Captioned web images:
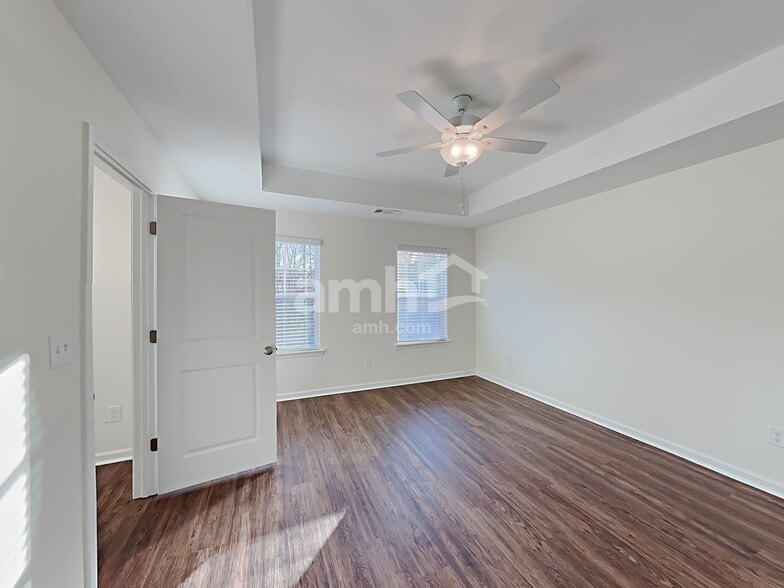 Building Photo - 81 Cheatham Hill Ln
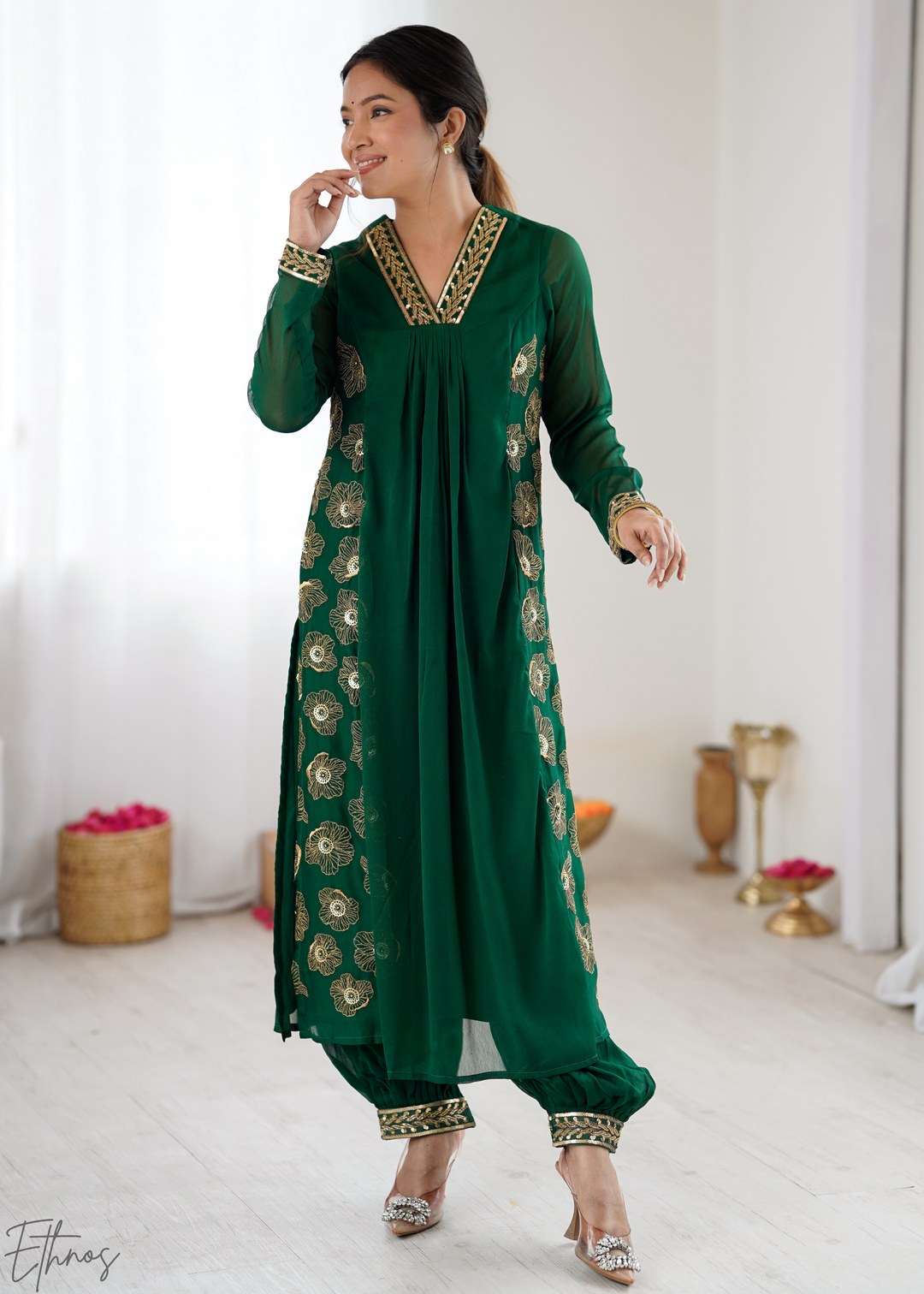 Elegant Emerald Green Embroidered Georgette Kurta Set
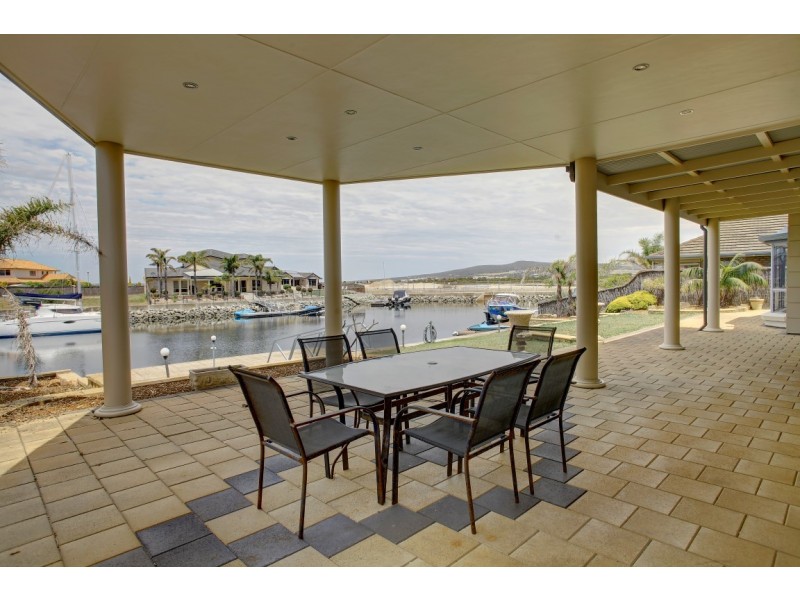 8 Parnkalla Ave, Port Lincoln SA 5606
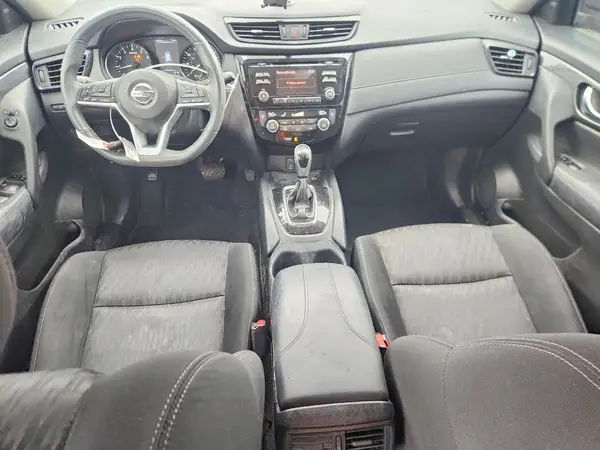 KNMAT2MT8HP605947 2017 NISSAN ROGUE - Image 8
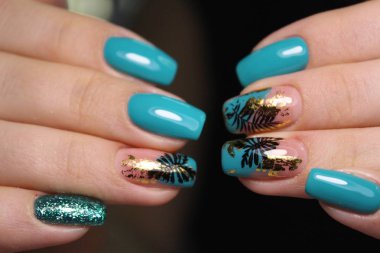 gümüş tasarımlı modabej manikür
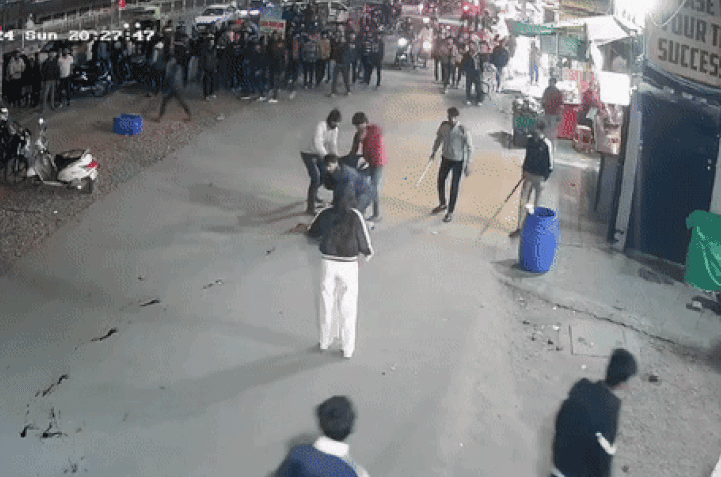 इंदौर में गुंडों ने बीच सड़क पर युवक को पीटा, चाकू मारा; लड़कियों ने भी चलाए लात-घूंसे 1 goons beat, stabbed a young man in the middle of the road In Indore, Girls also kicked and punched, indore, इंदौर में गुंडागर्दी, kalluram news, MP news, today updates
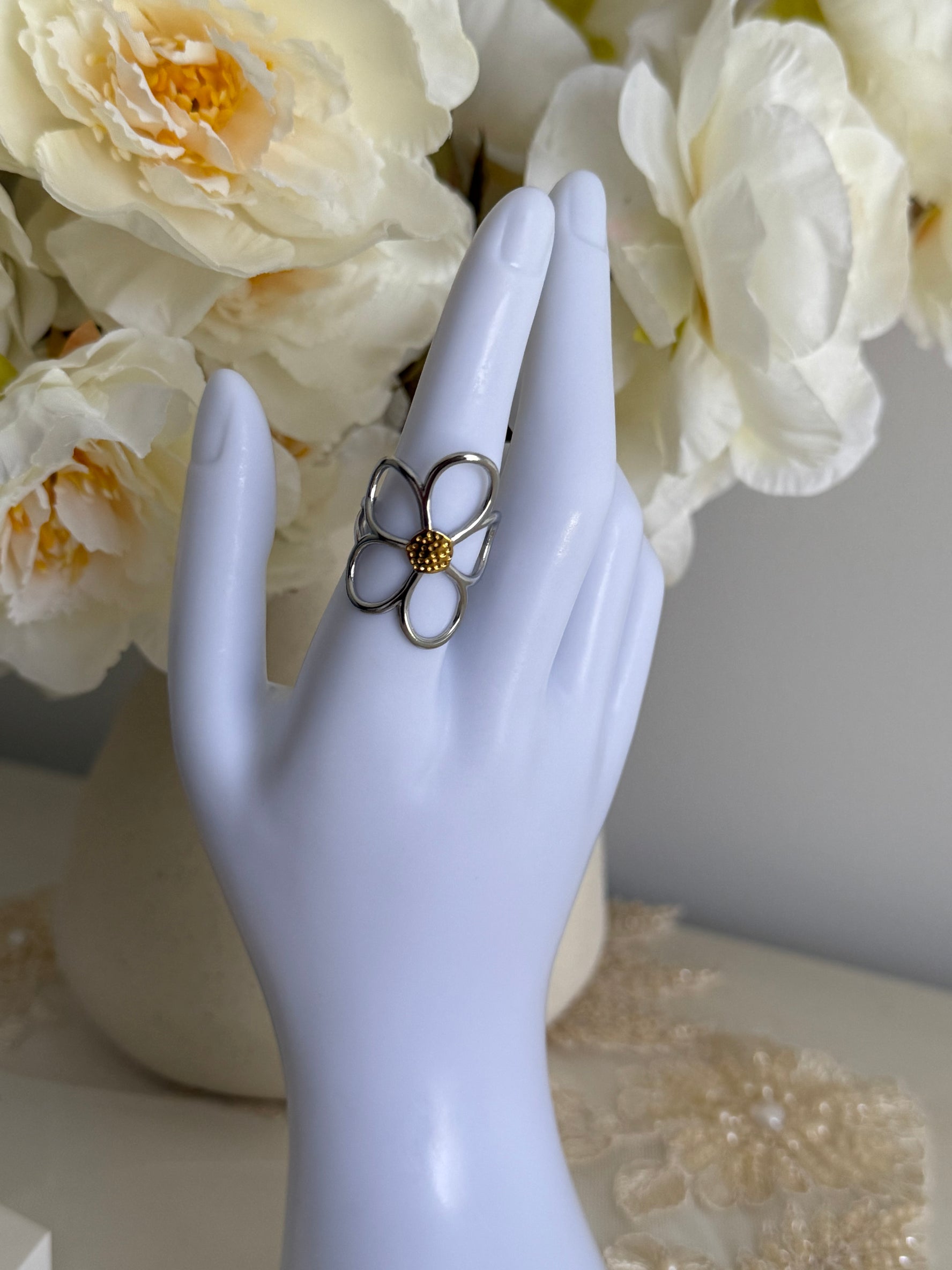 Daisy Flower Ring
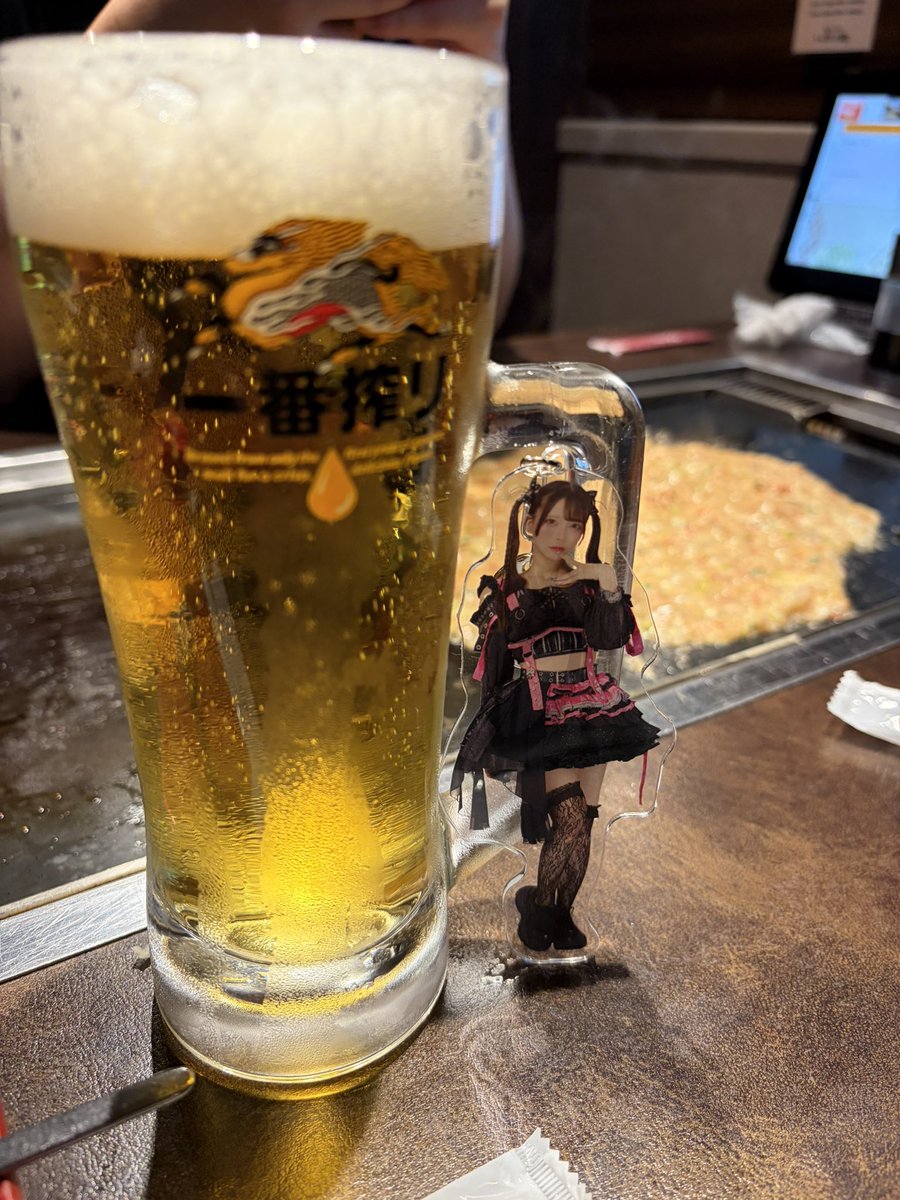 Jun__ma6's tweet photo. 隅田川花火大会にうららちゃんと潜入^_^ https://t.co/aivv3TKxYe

### AIM OF THE EXERCISE:
Please repeat every record exactly, leaving the pictures out.

### RESPONSE TO THIS EXERCISE:
 Building Photo - 81 Cheatham Hill Ln
 Elegant Emerald Green Embroidered Georgette Kurta Set
 8 Parnkalla Ave, Port Lincoln SA 5606
 KNMAT2MT8HP605947 2017 NISSAN ROGUE - Image 8
 gümüş tasarımlı modabej manikür
 इंदौर में गुंडों ने बीच सड़क पर युवक को पीटा, चाकू मारा; लड़कियों ने भी चलाए लात-घूंसे 1 goons beat, stabbed a young man in the middle of the road In Indore, Girls also kicked and punched, indore, इंदौर में गुंडागर्दी, kalluram news, MP news, today updates
 Daisy Flower Ring
 Jun__ma6's tweet photo. 隅田川花火大会にうららちゃんと潜入^_^ https://t.co/aivv3TKxYe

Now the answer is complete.